- **Directions**
Reproduce verbatim the line containing "Toyota TownAce Van" and every line that follows it through the end of the entries below, omitting all pictures.

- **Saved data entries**

^^^^

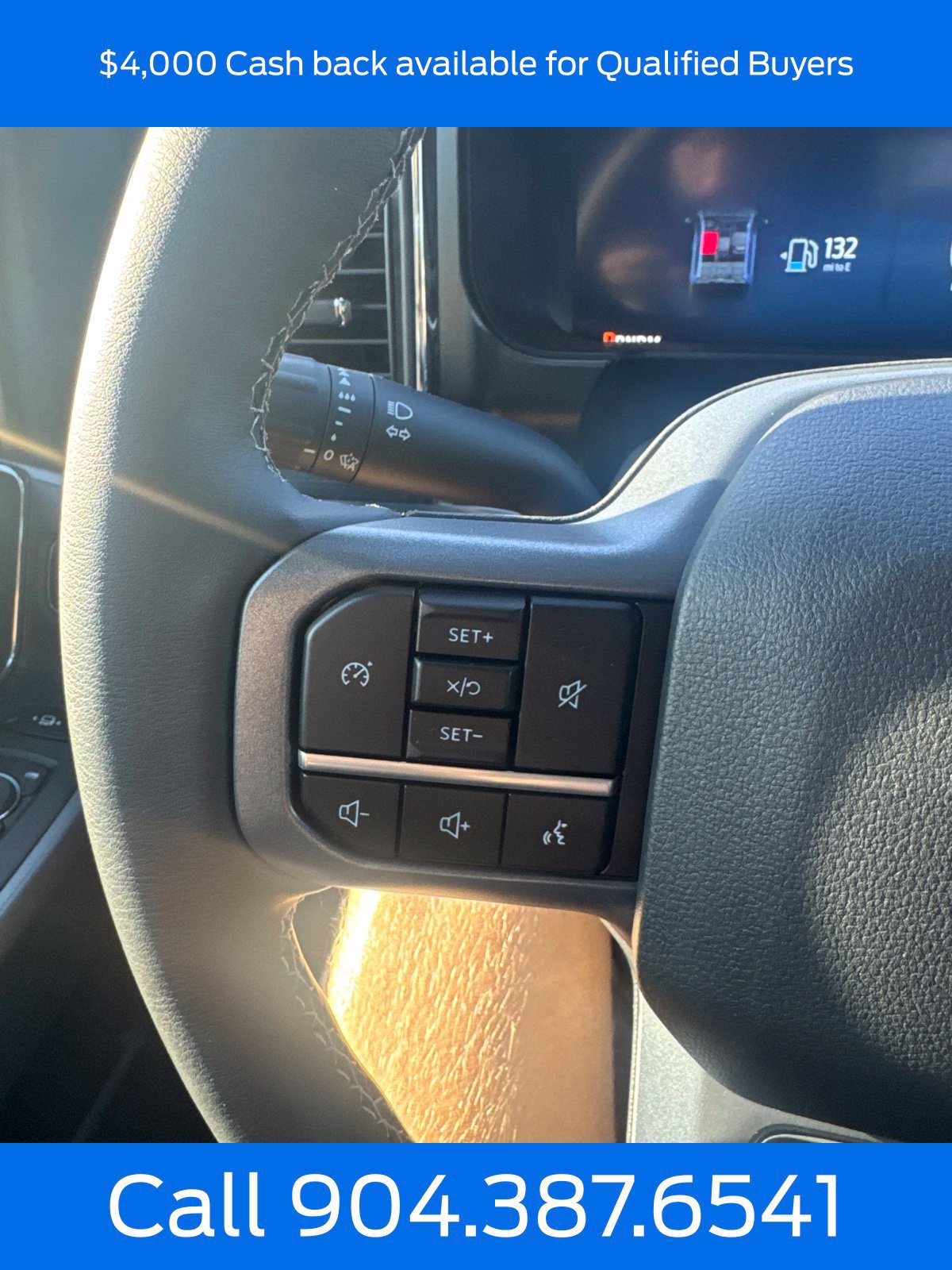 New 2026 Ford F350 Lariat w/ Black Appearance Package AWD/4WD image 20
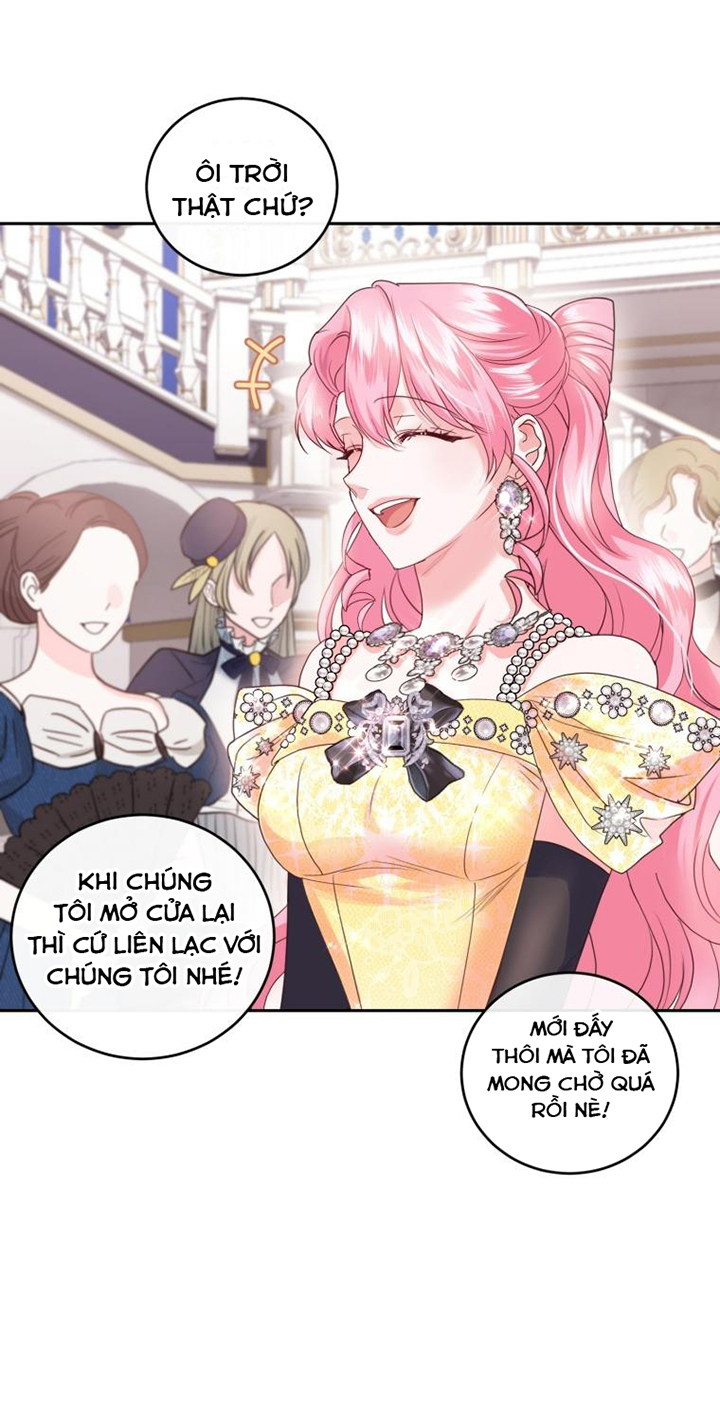 trở thành nhà điều chế nước hoa duy nhất của bạo chúa chapter 60 52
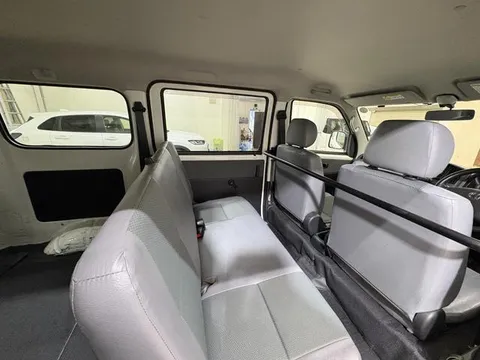 Toyota TownAce Van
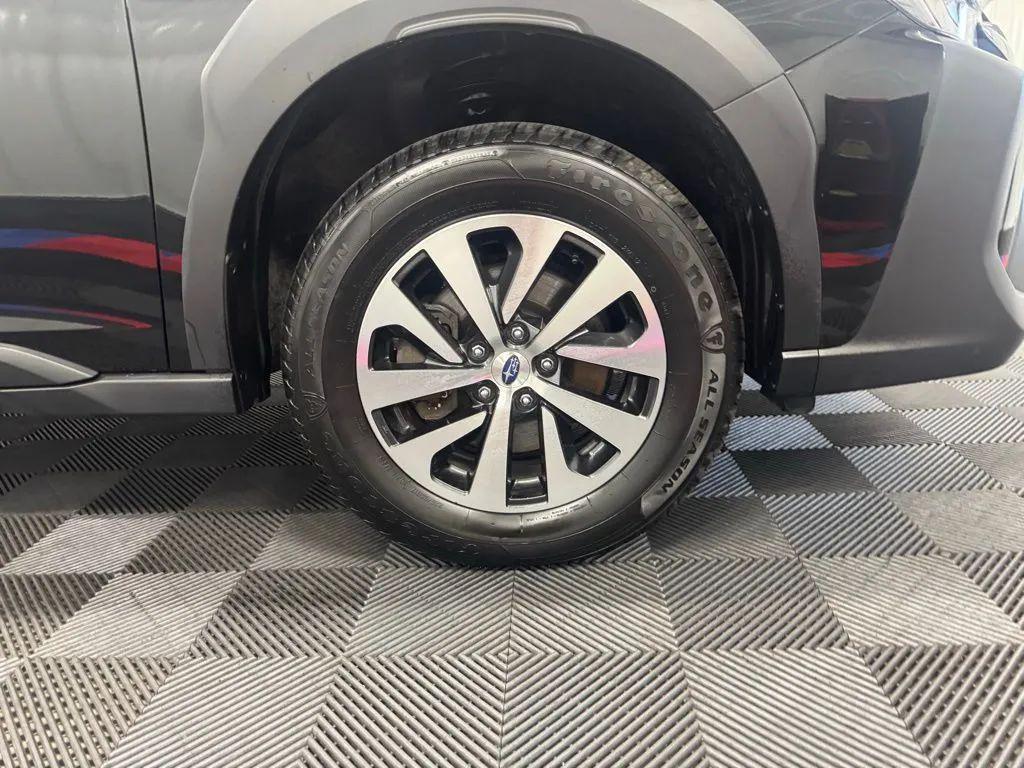 used 2024 Subaru Outback car, priced at $23,995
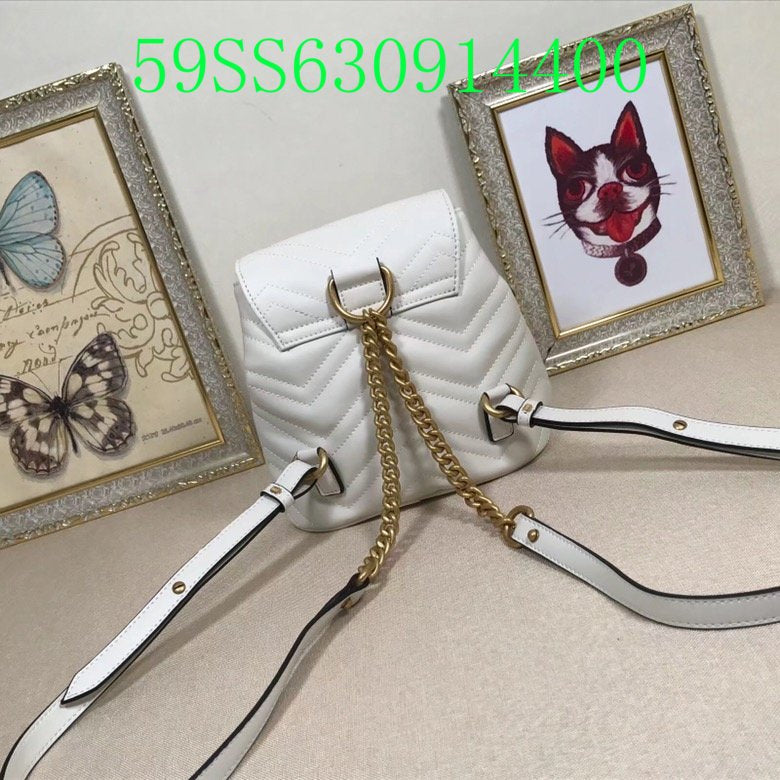 Gucci Bags - The Tote   1109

^^^^

- **Result**
 Toyota TownAce Van
 used 2024 Subaru Outback car, priced at $23,995
 Gucci Bags - The Tote   1109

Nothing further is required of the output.